The Time in Between
- Author: David Bergen
- Language: English
- Genre: Novel
- Publisher: McClelland & Stewart in Canada, Random House in the United States
- Publication date: August 16, 2005
- Publication place: Canada
- Pages: 288 (McClelland & Stewart), 256 (Random House)
- ISBN: 978-0-7710-1178-8 (McClelland & Stewart) ISBN 978-1-4000-6240-9 (Random House)
- OCLC: 58052004

= The Time in Between =

2005 novel by David Bergen

The Time in Between is a novel by Canadian author David Bergen. It deals with a man, who mysteriously returns to Vietnam, where he had been a soldier earlier in his life, followed by his children, who also go to Vietnam to search for him. The novel was the recipient of the Scotiabank Giller Prize and the McNally Robinson Book of the Year Award in 2005.

== Plot ==
Charles Boatman, an army veteran suddenly disappears and his daughter Ada and her younger brother Jon on finding some clues go looking out for him in Danang, Vietnam. The novel mixes various stories from different timeframes narrating Charles's days in Washington when he was young. He married Sara and had daughter Ada while living in Fraser Valley of British Columbia. He gets posted in the wartime era to Vietnam and serves there and upon arrival discovers his wife's infidelity. Sara dies early and by then they also had a son Jon. Charles keeps getting nightmares of his Vietnam days on how he killed an innocent civilian boy in one of the operations and this keeps haunting him. On the other hand, Ada is on a mission to find her father and is helped by a local guy Yen who becomes her guide and guardian in the new country. She engages in a sexual relationship with an older man, Hoang Vu who is an artist by profession. Jon indulges in the nightlife of Vietnam, and Ada keeps getting closer to her father as she travels across the country. Charles discovers author Dang Tho's novel chronicling wartime and this helps him find some peace.

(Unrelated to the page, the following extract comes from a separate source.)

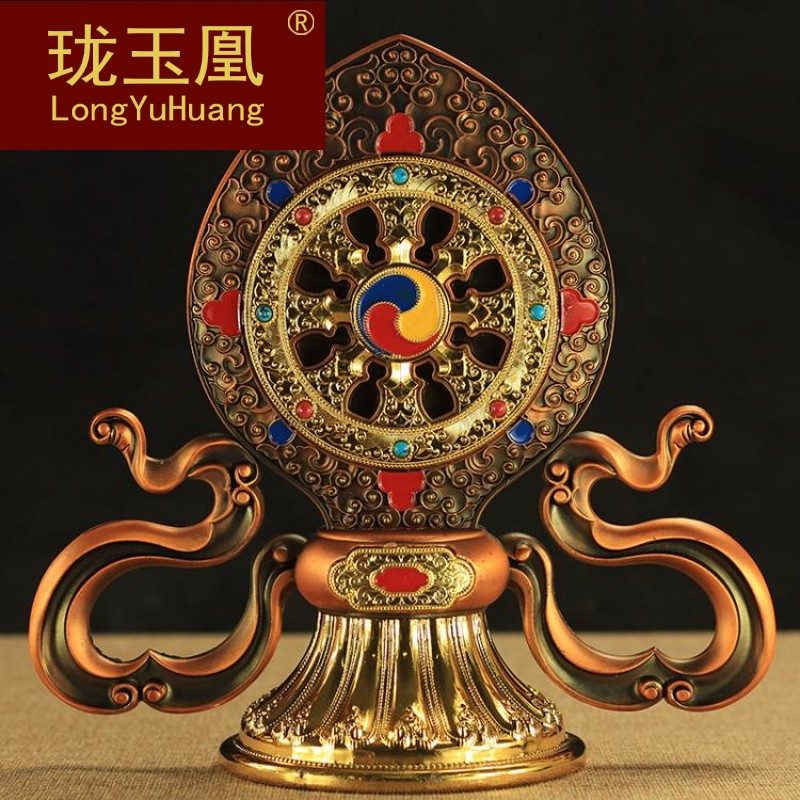 藏传密宗法器佛教用品鎏金彩绘珐琅法轮七珍七政宝摆件佛堂hw0502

== Publication and development ==
The book is author David Bergen's fifth novel. Although generally called a war novel, the author states that he "[doesn't] see The Time in Between as a war novel". The book was released as Audio book by Blackstone Audio in December 2005 and was narrated by Anna Fields, better known as Kate Fleming.

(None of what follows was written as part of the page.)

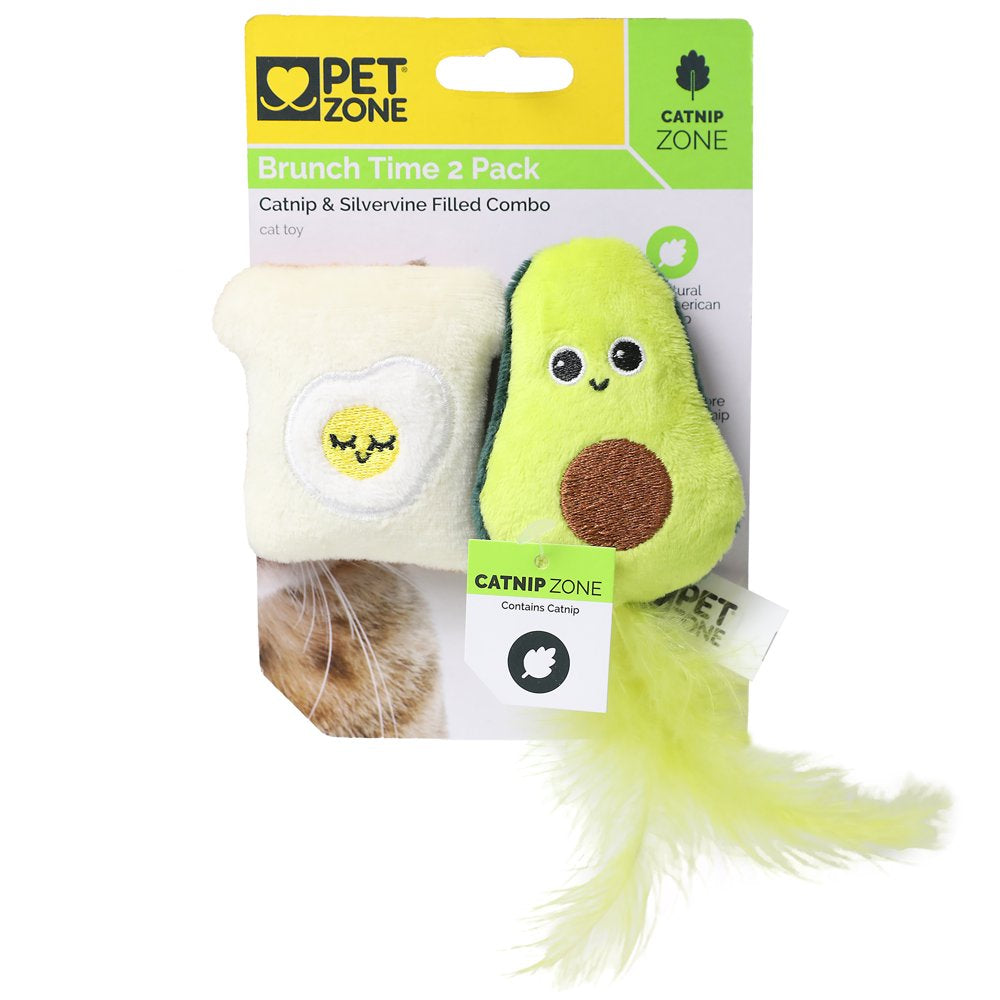 Pet Zone Brunch Time Plush Catnip Filled Cat Toys for Cats and Kittens, 2 Pack Animals & Pet Supplies > Pet Supplies > Cat Supplies > Cat Toys Our Pets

== Reviews and reception ==
Kirkus reviews called the novel a "beautifully composed, unflinching and harrowing story". Nicholas Dinka in their Quill & Quire review mentions that the novel has "much decency and intelligence" and both the stories of the novel are "entirely plausible" but criticises for "remarkable dourness of its prose". While Dennis Lythgoe of Deseret News noted that "Bergen's book lives and breathes the Vietnam experience"; Ron Charles in his The Washington Post review mentioned that "Bergen's ability to dramatize trauma-induced disaffection is undeniable; whether readers will want to sink down that hole with his characters is less clear". Irene Wanner of The Seattle Times appreciated the novel for its writing.

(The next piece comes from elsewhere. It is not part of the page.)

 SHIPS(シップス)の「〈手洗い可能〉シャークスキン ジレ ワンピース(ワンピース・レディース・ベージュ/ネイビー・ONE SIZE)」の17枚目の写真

The novel won the Scotiabank Giller Prize in 2005 while being nominated along with Luck (by Joan Barfoot), Sweetness in the Belly (by Camilla Gibb), Alligator (by Lisa Moore), and A Wall of Light (by Edeet Ravel). The judges Warren Cariou, Elizabeth Hay, and Richard B. Wright noted "The Time in Between explores our need to understand the relationship between love and duty....[] This is a subtle and elegantly written novel by an author in complete command of his talent". It also won the McNally Robinson Book of the Year Award in 2005. Bergen had earlier won the award in 1996 for A Year of Lesser and later again won in 2009 for The Retreat. Dan Zigmond of SFGate reviews the novel as "a rich and rewarding novel".